No, they really are the same number, though this is often very counterintuitive to many beginning students. Here are some non-rigourous proofs that 1=0.999…:

Proof #1
For any two unequal numbers, there is always another number in between them. (That is intuitively obvious, and can be pictured on a number line, which will be familiar to many people.) Therefore, if 0.999…. and 1 are different, there must be another number in between them. But there is no way to write a number that is greater that 0.999… and less than 1 in decimal notation.

Proof #2
First, we put
$$\ x = 0.999…$$
Multiplying by 10 gives us
$$\ 10x = 9.999…$$
But then
$$\ 10x-x = 9.999…-0.999…,$$
thus
$$\ 9x = 9$$
Hence we get that
$$\ x = 1$$

Proof #3
If you accept that 0.9999… is a number, then how much less than 1 is it? It’s larger that 0.9999, so it’s less than 0.0001 less than 1. But it’s also larger that 0.9999999, so it’s less than 0.0000001 less than 1. So the difference between 0.9999… and 1 is less than 0.00001, 0.000000001, or 0.any number of 0s followed by 1 … so the difference must be zero. If you accept that two numbers whose difference is 0 must be the same, then that proves that 0.9999… = 1. If you don’t accept that, and you think that two different numbers can have a difference of zero, then you’re in an ‘extended number system’ which has more numbers than we normally use.

Proof #4
First, we have that
$$\ 1/3 = 0.333…$$
If we multiply things by 3, then we get
$$\ 1=3\times (1/3) = 3\times (0.333…) = 0.999…$$
All of these proofs are correct, but they are not rigourous. For example, how do we know that $3 \times (0.333…) = 0.999…$? This is not that obvious if we think about it. A more rigourous proof is given in the post following this one.

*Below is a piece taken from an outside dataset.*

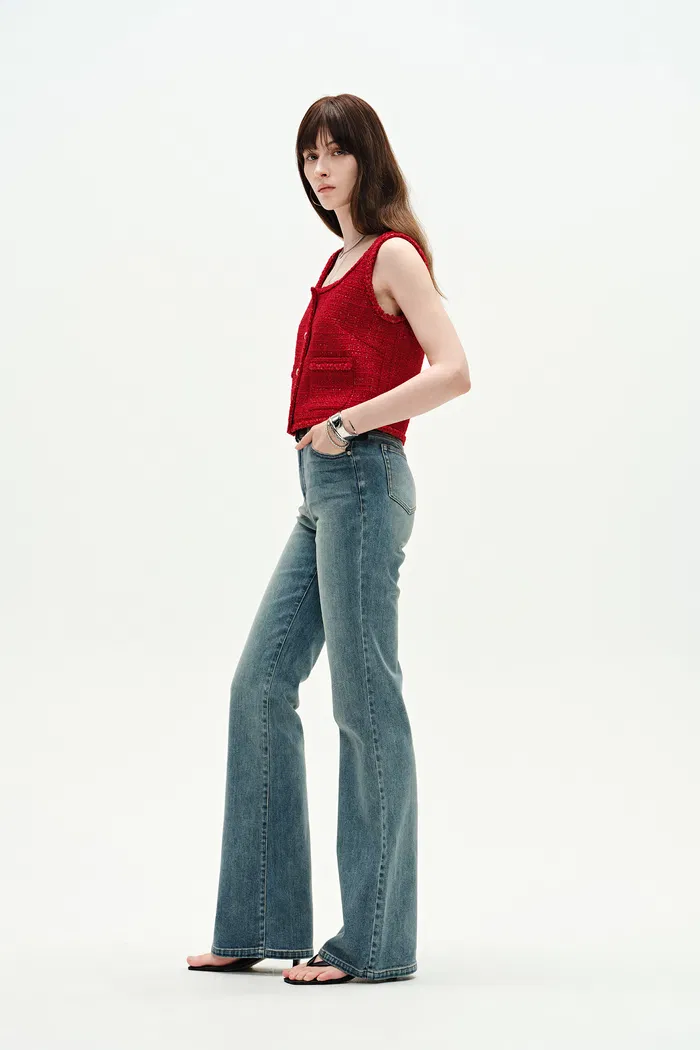 Ruby Red Handmade Silky Ribbon Tweed Vest - Image 5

Some further questions you might have:

But 1 cannot equal 0.999…, as every number can only have one representation!
Well, the thing is that this is just a misconception that is simply not true. Numbers can have many representations. For example,
$$\frac{1}{3}=\frac{2}{6}=\frac{3}{9}=0.333… ,$$
but somehow, many people don’t have any problems with this thing. The same thing happens to 1=0.999… really, it’s just another way to write the same number. Does this make our number system ugly? I understand that you might think that, but that’s just something we need to accept. Not having that 1=0.999… would make our number system much uglier!

The way I see it, is that 0.999… gets closer and closer to 1, but never quite reaches 1.
This reasoning appears a lot and apparently, many people see 0.999… as some kind of process that gets close to 1. But this is not quite what mathematicians mean with 0.999…
Mathematicians say that 0.999… is a number, just like 2 and 3. So phrases like “it gets close to 1, but never reaches 1” are meaningless. It’s the same as saying 1 gets closer and closer to 2, but never quite reaches 2. This sentence makes no sense, and the same thing happens with 0.999…

Can we define number systems such that 1=0.999… does not hold?
Of course! But these number systems are not as useful, because they don’t conform to our intuition about numbers and limits.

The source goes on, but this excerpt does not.